举办宫宴的大殿名为正阳殿,斩山首而建,因此地势较周围建筑高了足有三十多尺。
凭栏而立,感受夜风徐徐而来,放眼看去,小半皇宫尽收眼底,顿感神清气爽。立于此,容肃深深吐出一口浊气,似乎将这小半生来沉积在肺腑中的抑郁都舒了出去。
「中原的皇帝果然是享尽世间荣华富贵,我南疆虽然同样地大物博、百姓富足,但君主却远没如此高贵无上……」
看着规模宏大的皇宫,容肃心中慨然。南疆虽然也是君主制,但君王的权力却没中原这般大,很多时候还要看大贵族的脸色行事,甚至连神殿祭司也能插上一手,王族所能占据的财富自然也就少了。在南疆,大贵族的居所可能比君王的还要奢华得多,而君王也不敢说什么。
如我南疆王族也能如同中原一样……
「轻尘,我刚才说错话了……你别生气了好不好?」
夜风中隐约飘来的男子声音打断他的思绪,话中的那个名字令他心头一动,朝着声音来源看去,便见大殿西南角下建着一些院落,走近些,能听到人声喧哗传出,不时有侍卫出来走动,略略观察就知这些院落应是大殿守卫的驻留处。而告罪的声音,正是从其中一座院落传来。
容肃想了想,慢慢走了过去,挑了个从下往上看不到的位置,屏息窥探下方的动静。
院中离傲背对他站着,面前顾轻尘垂眸而立,波澜不惊的面容在光线昏暗的灯下更显冷漠、疏离。

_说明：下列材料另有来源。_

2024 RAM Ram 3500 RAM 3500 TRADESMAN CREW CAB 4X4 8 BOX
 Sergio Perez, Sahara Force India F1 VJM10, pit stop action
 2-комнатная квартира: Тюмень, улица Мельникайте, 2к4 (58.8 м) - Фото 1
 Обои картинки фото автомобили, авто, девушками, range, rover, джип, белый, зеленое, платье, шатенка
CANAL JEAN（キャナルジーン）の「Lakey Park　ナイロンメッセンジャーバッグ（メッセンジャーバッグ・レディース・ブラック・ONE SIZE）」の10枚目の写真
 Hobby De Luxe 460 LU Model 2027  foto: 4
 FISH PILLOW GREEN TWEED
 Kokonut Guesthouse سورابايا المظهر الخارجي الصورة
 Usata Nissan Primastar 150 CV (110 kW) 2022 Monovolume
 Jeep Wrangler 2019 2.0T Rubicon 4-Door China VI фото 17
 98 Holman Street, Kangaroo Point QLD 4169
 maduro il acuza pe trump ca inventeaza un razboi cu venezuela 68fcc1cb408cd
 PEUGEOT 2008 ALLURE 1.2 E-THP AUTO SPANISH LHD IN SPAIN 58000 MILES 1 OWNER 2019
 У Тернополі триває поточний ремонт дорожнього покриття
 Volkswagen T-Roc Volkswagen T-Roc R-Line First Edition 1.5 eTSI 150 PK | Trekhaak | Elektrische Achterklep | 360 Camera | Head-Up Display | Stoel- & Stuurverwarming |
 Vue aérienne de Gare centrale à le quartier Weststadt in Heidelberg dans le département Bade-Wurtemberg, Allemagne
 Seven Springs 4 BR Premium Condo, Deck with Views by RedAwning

醇厚的男子声音带着讨好意味继续赔不是,「轻尘,我知道错了,我就是喜欢你才心急乱说话的,你别生气了好不好?」
离傲刻意压低的声音令他服软的话语更显谦卑,但连着几句示弱都没能换来情人的善意回应,反倒是让对方不耐烦起来。
顾轻尘抬手拨开离傲扶着他肩膀的手,黑白分明的眼中,不带情绪地倒映出男人陪着笑的俊美容颜,清朗的声线冷漠说:「你不必认错,我早说过,我们只是肉体关系,我的身体,你想怎么玩,我都无所谓。至于感情——塞安死的时候,我就没有了。」
离傲的动作顿了下,拳头骤然握起,手背青筋暴起,一把抓住他的手臂强行拉入怀中,沙哑的声音带着不正常的扭曲,像是所有波涛汹涌都被强行压抑在薄薄的冰面下,一字一顿道:「我不许你说这种话!」
顾轻尘垂眸不语,嘴角似有嘲讽一掠而过。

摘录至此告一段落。